I keep my overall plans (decor - what goes where, room themes, foods and desserts to serve, table layout, activities, time schedule) in a Powerpoint file, my guest list in Excel (totals numbers of adults, drinkers, kids).


----------



## Elza (Jun 21, 2004)

I have a database with tables for Halloween items categorized and cross referenced by item use and type, whether the item is powered and is cord or battery operated. I also have a table of tools: nails, screws, push pins, hooks, types of tape and adhesives etc.

My steps are to:
1) take inventory of new items bought and update the database
2) Measure and graph the area that I have to work with (on grid paper to scale)
- making note of doors, windows, wall sockets, light switches and light fixtures
3) Assign/plan a prop or theme for the area
4) unbox and sort and stack items for that prop/theme area in that location
5) Begin!


----------



## Junit (Sep 1, 2008)

Organize?? I kinda throw everything into a couple big binders. And then have 14 projects going at once.


----------



## NOWHINING (Jul 25, 2009)

well, with me working on the binder. I keep it seperate... one for food, one for decoration ideas, and another for history, stories, poems things like that.

Antother reason why i also do binders becuz when you go to goodwill that resells old mags. sometimes you find Halloween ideas that you would like to save. So i would tear out a page and store it and toss the rest of the mag. Mustnt forget all that researching on the computer... let just say " God bless the printer"


----------



## Ghostess (Sep 8, 2005)

I keep a 2 inch 3-ring binder as well, with folder inserts so I can organize by type of idea/sketch/notes, like for party invites, mailing and email addresses, recipes, shopping lists, materials, pricing, prop ideas.... right down to lists of things to do in each room of the house, the front yard and the pool deck on party day. That way my family can consult the lists and check things off as they're done, like sweeping, wiping down glass, vacuuming, checking batteries, lighting candles, etc. Then I keep another folder for "things that didn't work and that I vow to never do again", which saves me aggravation for the next year..lol

Then there's the online folder of "things I want to do, listed by type. Then there's the folder on the computer full of addresses, labels, ideas, photos, graphics, etc.


----------



## Girl (Aug 28, 2009)

Good idea to make an inventory of what requires batteries (and what size!), etc. I started an inventory spreadsheet, but will def add battery requirements too. 

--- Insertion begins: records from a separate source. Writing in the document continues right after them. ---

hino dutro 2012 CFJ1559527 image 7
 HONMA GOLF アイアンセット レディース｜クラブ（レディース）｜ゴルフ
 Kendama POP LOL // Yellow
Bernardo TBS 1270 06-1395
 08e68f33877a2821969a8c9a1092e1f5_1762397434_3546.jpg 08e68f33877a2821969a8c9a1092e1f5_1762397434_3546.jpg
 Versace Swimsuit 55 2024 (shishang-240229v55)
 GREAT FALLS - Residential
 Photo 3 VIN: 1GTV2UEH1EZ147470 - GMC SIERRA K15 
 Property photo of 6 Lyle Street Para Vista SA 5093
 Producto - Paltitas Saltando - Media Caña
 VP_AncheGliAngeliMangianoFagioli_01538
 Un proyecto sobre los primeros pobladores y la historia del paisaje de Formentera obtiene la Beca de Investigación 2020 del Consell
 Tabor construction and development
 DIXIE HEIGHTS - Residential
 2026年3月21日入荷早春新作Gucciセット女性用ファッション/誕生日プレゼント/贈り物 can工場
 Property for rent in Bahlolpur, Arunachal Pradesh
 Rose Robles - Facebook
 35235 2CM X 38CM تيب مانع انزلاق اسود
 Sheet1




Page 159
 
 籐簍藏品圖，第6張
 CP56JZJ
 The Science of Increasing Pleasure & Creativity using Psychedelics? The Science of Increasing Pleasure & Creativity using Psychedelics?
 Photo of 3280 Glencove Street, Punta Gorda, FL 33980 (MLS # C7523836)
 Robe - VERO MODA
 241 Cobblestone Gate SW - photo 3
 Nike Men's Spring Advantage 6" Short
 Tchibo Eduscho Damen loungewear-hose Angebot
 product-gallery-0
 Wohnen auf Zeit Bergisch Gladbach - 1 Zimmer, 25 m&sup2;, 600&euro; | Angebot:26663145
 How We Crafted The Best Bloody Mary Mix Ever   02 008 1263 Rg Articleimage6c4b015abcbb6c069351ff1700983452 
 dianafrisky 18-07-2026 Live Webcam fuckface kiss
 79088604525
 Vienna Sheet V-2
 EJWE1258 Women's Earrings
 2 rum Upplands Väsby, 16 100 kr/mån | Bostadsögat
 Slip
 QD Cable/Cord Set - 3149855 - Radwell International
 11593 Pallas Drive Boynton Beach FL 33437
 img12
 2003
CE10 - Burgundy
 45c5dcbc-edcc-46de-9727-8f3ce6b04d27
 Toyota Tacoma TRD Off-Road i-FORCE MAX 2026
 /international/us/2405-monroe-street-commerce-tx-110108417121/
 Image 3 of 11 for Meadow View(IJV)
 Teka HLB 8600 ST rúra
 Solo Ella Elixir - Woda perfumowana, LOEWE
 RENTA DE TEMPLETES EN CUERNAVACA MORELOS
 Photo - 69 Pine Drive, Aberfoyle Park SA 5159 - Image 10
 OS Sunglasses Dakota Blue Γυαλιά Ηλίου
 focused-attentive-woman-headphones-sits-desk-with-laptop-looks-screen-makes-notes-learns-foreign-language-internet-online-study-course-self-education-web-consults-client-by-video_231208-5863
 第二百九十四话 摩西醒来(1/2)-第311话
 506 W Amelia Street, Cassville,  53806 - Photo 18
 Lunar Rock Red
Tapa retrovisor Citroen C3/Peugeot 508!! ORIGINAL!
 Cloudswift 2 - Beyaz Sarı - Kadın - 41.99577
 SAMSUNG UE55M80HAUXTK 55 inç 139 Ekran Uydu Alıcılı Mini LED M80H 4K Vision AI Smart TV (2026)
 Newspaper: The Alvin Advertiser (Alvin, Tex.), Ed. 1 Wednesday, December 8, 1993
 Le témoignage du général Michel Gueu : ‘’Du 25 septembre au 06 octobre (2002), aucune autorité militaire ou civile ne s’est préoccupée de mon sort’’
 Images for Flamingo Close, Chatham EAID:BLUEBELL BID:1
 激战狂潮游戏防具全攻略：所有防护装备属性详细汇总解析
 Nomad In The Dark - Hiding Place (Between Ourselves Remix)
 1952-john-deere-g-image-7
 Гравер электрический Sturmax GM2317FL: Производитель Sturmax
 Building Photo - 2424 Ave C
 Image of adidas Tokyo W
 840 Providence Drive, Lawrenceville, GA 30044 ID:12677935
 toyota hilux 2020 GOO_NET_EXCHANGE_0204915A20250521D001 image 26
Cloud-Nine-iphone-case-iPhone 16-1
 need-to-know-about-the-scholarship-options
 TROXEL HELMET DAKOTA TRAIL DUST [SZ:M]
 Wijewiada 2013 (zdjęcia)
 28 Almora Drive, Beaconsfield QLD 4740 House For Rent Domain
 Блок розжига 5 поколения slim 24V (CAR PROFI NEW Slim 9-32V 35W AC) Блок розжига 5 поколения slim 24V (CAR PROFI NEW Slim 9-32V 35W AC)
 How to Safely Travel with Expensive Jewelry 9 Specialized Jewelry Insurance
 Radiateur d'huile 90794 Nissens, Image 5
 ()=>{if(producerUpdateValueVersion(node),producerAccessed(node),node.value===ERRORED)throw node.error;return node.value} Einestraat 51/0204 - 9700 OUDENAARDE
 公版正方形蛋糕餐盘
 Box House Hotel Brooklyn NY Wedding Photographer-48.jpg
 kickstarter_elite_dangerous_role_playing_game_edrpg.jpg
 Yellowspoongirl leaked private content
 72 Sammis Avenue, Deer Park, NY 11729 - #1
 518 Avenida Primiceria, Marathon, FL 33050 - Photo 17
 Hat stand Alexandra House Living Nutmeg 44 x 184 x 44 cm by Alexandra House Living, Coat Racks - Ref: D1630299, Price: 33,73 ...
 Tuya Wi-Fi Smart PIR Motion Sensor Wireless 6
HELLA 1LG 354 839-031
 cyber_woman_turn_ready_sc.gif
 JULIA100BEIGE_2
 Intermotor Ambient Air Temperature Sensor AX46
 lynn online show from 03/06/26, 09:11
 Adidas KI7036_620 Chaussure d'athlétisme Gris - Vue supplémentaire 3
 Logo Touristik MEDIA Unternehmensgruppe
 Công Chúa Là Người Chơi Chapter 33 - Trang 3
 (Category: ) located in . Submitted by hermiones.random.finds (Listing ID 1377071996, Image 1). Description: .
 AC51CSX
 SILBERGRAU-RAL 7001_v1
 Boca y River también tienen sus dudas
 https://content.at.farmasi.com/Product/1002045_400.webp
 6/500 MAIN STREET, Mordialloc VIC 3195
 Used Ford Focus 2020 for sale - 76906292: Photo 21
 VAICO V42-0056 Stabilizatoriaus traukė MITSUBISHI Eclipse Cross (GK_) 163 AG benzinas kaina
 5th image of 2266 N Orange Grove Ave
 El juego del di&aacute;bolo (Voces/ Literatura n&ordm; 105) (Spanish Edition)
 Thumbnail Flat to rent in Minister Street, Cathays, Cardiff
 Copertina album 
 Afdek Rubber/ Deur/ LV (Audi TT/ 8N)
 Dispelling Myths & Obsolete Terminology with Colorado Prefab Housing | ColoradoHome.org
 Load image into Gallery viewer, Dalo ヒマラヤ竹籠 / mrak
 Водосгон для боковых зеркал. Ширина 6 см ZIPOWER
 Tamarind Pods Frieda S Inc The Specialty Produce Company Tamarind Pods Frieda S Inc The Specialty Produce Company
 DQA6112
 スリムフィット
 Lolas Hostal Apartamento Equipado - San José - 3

I ended up making a spreadsheet of guests, menu (sorted by "course") with ingredients, decorations by room (with music, lighting, decorations, etc). I also have a column for web links to the idea and source for things, so I can keep all of my links together and remember where I found all the great ideas. 

Fingers crossed it works for me. I do something similar with Christmas Eve dinner and that works well. But I also have that down to a science, so it's different. 

Thanks for the ideas everyone!


----------



## Gothikren (Aug 17, 2008)

I love the list of what batteries etc you need. I'm always finding out last minute I don't have enough, or that I don't have enough outlets (extension cords) I love the check list for the family to do that you guys mentioned keeping in your binder also. I'm definatly going to try to put some of this stuff to good use.


----------